= Velvet season =

Russian term for early autumn

Velvet season (Бархатный сезон, Оксамитовий сезон) is a term for early autumn, one of the most comfortable times of the year for people to vacation in the subtropics, particularly in the Mediterranean that was known as the "Russian Riviera". During the velvet season, the weather is not as hot as in mid-summer months, but is still quite warm, even at night. In North America, an analogy of "velvet season" is the Indian summer.

== Origins of term ==
The term appeared in the late nineteenth or early twentieth centuries in Imperial Russia when it was fashionable to vacation in the Crimea. According to Alexander Levintov, at the beginning of the twentieth century "velvet season" referred to several weeks in April and May, when the court and the royal family moved from St. Petersburg to the Crimea. Fur clothes were replaced with velvet, as the Crimea at this time was still cool. The summer in the Crimea was called calico season and September called plys season.

Although its origins relate to the nobility, the velvet season came to have a more general meaning. It is better defined by the general public's tastes, behaviors, and morals than by those of the nobility. By the 1900s, people traveled for the velvet season because it was fashionable and they were hoping to meet people, rather than because the court was traveling.

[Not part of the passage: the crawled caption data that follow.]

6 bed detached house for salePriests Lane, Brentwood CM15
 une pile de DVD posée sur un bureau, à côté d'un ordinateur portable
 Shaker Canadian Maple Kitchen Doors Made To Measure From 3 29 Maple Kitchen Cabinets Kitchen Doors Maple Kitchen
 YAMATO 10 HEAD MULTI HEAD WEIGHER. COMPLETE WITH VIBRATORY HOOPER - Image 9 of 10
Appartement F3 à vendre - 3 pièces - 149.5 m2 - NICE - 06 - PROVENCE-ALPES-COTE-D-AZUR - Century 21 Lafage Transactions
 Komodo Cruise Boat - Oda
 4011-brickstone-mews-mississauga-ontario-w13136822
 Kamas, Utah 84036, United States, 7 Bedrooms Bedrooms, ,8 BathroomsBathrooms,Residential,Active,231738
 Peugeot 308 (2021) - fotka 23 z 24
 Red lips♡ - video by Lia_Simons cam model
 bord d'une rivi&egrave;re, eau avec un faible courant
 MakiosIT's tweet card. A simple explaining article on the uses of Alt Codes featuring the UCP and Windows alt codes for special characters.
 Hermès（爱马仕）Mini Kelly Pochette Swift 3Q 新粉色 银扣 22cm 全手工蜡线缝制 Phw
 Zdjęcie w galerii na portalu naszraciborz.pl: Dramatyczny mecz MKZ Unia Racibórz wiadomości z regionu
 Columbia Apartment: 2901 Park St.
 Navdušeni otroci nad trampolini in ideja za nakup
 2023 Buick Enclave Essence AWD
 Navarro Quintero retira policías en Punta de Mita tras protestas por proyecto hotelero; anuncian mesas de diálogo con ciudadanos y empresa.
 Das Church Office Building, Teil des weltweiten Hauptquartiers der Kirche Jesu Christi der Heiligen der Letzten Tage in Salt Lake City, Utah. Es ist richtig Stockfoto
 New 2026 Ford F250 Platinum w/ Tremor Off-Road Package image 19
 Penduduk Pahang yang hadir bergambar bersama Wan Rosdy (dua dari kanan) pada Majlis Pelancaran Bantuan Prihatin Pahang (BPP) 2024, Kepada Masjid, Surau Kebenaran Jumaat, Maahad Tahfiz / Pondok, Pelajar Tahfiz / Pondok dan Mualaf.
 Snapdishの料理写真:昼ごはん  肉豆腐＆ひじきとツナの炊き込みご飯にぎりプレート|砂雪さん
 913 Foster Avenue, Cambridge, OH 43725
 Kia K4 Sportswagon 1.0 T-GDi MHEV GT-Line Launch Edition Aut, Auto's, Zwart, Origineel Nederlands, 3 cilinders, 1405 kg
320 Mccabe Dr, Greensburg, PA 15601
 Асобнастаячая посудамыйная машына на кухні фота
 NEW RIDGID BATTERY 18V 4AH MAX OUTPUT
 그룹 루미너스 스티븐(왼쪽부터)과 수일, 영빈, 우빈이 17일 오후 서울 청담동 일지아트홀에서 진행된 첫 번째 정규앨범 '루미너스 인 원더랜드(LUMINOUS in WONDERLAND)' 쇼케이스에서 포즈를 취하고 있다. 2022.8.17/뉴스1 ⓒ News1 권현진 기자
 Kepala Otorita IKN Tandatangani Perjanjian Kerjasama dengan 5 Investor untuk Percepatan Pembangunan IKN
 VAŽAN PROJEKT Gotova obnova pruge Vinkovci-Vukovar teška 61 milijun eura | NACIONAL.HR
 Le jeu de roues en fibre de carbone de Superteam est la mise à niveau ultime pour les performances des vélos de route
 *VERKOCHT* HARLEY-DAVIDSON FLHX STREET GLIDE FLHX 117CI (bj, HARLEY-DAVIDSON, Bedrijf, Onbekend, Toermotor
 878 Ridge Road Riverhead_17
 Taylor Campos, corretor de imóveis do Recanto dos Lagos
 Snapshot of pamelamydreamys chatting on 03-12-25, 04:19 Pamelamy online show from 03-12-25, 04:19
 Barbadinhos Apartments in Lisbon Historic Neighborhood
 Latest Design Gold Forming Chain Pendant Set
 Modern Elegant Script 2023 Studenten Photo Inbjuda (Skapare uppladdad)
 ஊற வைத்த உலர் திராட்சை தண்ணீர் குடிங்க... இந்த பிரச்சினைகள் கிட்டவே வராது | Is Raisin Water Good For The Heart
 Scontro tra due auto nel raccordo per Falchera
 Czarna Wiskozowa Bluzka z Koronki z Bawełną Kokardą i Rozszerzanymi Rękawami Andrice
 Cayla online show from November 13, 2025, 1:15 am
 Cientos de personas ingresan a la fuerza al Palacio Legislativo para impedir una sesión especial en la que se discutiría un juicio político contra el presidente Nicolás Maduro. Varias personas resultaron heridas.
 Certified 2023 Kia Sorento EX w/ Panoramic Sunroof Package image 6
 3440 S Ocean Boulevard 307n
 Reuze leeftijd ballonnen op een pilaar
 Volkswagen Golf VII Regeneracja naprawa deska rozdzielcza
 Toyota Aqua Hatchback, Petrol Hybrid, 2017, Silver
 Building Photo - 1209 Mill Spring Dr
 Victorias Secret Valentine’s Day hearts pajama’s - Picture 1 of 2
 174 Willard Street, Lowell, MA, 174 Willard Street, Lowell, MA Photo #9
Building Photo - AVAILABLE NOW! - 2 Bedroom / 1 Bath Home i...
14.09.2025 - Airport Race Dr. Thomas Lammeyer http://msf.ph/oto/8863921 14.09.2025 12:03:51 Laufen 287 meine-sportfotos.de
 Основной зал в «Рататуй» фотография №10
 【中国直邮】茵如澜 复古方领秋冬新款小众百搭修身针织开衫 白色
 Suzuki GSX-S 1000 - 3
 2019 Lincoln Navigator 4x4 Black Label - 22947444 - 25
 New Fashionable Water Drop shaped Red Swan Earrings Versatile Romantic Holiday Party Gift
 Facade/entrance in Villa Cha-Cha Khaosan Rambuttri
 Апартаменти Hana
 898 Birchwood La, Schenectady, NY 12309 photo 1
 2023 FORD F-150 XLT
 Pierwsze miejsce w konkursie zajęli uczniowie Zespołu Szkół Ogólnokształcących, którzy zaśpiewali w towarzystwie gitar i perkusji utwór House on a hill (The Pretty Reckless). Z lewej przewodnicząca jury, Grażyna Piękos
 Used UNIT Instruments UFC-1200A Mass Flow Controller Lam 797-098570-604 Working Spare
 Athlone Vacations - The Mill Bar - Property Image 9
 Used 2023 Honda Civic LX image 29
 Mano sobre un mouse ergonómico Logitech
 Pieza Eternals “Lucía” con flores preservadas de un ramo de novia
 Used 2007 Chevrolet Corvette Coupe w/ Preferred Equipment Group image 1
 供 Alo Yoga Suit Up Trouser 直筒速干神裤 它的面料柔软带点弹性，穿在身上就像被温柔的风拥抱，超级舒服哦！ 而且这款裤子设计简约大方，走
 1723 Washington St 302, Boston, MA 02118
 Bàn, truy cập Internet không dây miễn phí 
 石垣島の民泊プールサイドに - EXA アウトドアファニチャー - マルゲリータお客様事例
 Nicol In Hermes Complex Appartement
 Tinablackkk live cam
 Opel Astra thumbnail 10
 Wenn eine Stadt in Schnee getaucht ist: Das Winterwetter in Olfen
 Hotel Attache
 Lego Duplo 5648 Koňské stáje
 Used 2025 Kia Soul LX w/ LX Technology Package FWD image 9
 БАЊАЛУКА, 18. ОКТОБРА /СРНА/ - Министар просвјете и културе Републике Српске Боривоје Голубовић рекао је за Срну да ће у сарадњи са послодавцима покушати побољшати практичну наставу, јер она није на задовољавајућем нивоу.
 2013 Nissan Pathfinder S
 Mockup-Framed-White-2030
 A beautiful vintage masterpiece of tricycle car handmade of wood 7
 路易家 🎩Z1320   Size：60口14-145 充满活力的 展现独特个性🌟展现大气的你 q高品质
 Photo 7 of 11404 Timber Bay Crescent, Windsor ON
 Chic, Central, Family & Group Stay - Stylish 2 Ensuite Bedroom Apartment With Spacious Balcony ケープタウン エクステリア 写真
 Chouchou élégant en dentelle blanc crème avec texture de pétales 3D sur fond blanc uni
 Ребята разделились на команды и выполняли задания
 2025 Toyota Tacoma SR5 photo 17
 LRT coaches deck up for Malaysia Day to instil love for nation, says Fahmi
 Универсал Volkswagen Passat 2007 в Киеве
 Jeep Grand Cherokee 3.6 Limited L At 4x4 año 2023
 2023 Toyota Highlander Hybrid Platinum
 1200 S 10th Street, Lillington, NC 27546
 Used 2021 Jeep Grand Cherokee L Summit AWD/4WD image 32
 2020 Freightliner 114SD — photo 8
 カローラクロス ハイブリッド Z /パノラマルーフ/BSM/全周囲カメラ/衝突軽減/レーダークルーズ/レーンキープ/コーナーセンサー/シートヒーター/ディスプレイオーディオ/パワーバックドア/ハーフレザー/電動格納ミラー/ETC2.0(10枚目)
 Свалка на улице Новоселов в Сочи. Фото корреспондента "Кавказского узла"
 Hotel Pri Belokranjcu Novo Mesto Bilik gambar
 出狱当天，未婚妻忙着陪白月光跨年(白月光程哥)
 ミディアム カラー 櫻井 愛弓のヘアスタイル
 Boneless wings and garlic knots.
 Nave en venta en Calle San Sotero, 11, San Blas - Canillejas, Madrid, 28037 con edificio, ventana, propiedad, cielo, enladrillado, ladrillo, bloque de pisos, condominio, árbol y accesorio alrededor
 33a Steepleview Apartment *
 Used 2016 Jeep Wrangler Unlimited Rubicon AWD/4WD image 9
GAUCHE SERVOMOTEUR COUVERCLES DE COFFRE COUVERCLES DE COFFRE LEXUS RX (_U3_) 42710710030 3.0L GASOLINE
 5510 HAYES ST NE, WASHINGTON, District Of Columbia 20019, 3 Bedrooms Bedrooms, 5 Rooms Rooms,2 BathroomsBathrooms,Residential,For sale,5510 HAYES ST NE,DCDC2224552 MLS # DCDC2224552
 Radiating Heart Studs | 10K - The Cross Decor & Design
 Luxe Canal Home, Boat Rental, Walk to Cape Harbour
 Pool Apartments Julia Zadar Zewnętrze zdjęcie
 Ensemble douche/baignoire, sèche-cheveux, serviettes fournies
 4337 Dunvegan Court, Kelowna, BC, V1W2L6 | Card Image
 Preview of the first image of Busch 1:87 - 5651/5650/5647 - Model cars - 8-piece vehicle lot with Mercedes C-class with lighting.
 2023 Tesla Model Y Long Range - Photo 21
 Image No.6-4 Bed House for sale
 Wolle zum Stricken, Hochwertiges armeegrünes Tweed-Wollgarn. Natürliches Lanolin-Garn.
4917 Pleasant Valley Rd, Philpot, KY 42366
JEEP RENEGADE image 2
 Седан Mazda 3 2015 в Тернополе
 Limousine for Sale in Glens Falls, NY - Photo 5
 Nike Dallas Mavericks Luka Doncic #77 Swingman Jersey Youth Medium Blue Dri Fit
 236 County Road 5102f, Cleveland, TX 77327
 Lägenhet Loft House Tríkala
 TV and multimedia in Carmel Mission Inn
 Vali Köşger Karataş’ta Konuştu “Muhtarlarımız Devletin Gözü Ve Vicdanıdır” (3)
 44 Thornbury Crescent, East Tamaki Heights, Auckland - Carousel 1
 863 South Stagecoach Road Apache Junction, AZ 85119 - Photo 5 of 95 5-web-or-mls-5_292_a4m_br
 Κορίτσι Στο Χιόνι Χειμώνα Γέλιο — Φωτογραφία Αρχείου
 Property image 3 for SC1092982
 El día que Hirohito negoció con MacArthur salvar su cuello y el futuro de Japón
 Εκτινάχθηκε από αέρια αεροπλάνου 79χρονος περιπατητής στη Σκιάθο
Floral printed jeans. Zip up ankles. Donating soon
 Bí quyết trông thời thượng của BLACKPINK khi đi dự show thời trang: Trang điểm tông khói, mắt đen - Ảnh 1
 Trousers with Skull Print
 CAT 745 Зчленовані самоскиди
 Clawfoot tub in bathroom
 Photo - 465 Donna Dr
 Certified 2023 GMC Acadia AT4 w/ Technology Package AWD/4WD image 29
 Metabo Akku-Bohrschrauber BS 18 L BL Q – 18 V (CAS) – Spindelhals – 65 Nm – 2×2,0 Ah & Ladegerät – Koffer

Although it has proven impossible to determine the exact point in time, at some point, the velvet season switched from referring to the spring to the fall, overlapping with the wool/silk seasons in August and September.

== In literature ==
The well-known Russian author Alexander Kuprin, described Velvet season in his 1914 short story "The Wine Barrel" (Винная Бочка):These are golden days for Yalta, and, perhaps, for the entire Crimean coast. It lasts no more than a month and usually coincides with the last week of Lent, Easter and St. Thomas Sunday. Some people come in order to get rid of the sad need to make visits; others — as newlyweds making a wedding trip; and still others — the majority of them — because it is fashionable that at this time everything noble and rich is going to Yalta, that you can flash toilets and beauty, make profitable acquaintances. Of course, no one notices nature. And I must say that it is at this early spring time that Crimea, all in a pink and white frame of blooming apple trees, almonds, pears, peaches and apricots, not yet dusty, not fetid, refreshed by the magical sea air, is truly beautiful.